→ PROBLEM: Please return only the lines between the line with "Seputarindonesia.net thumbnail" and the final line of the entries, both included, and exclude pictures.
• • • • • • •
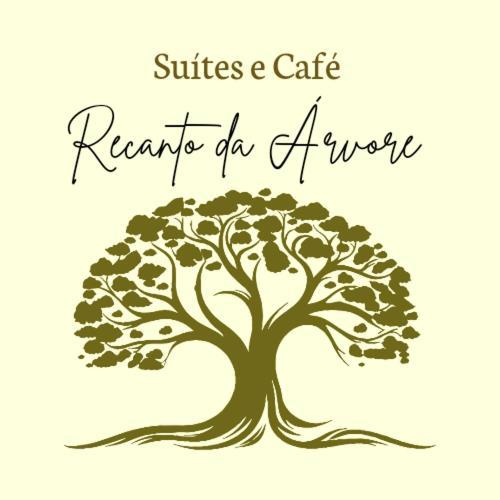 Recanto Da Arvore Suites E Cafe Arraial do Cabo Dış mekan fotoğraf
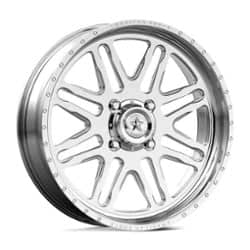 American Force K07 Energy UTV 24x7 0 ET 125.1 CB Custom Finish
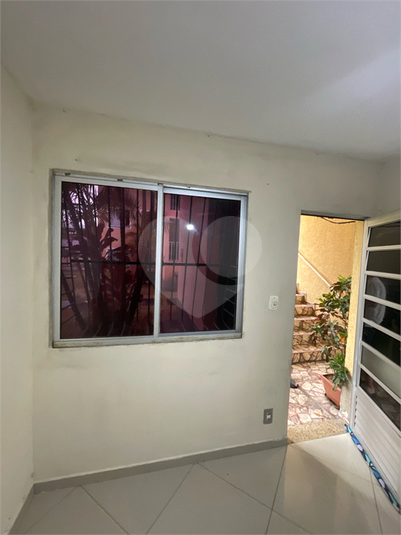 Aluguel Apartamento Rio De Janeiro Campo Grande REO1046219 10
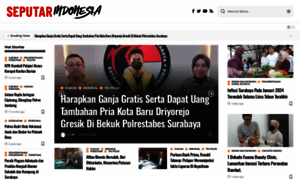 Seputarindonesia.net thumbnail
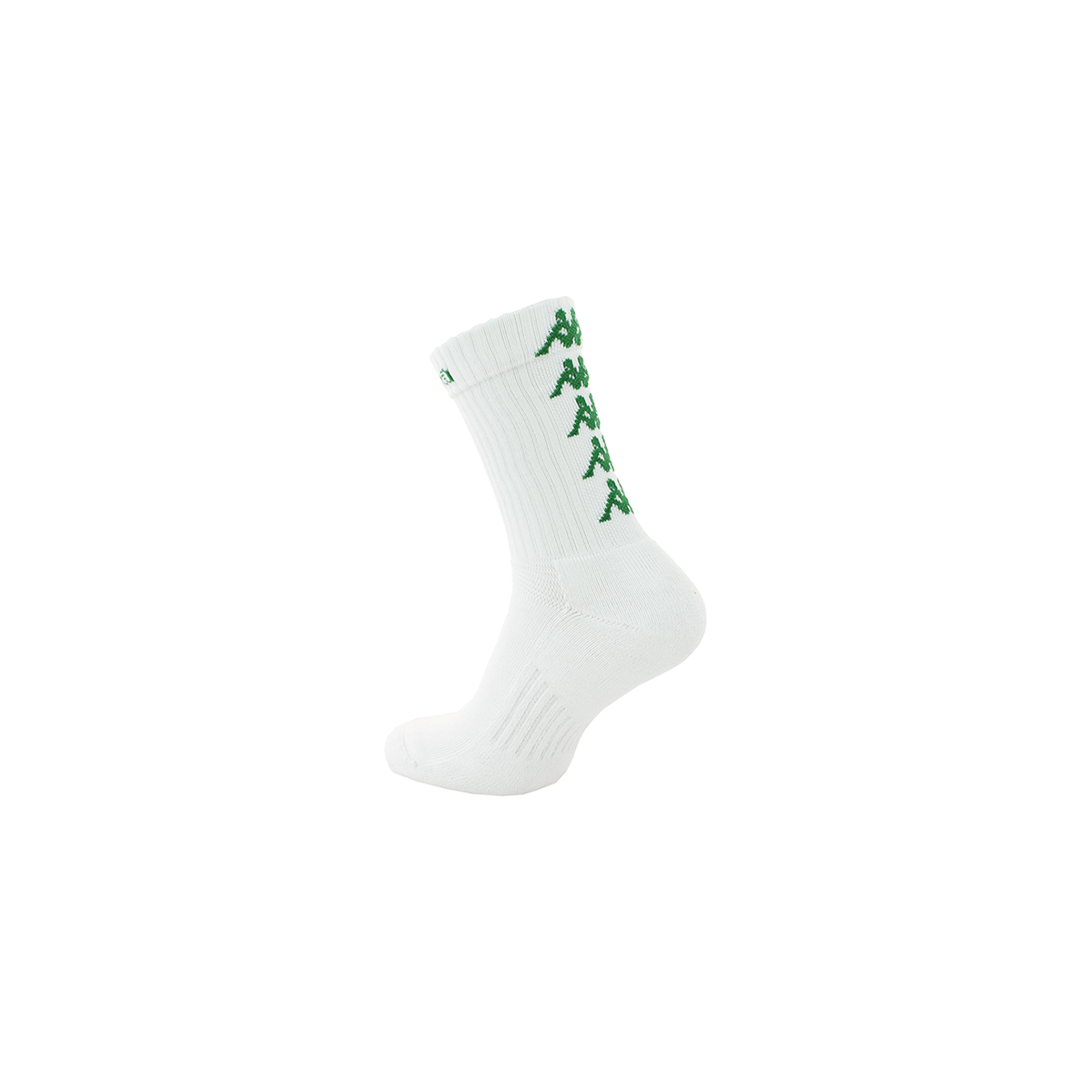 Chaussettes Multisport Eleno Blanc Homme - Image 1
• • • • • • •
→ WRITTEN SOLUTION:
 Seputarindonesia.net thumbnail
 Chaussettes Multisport Eleno Blanc Homme - Image 1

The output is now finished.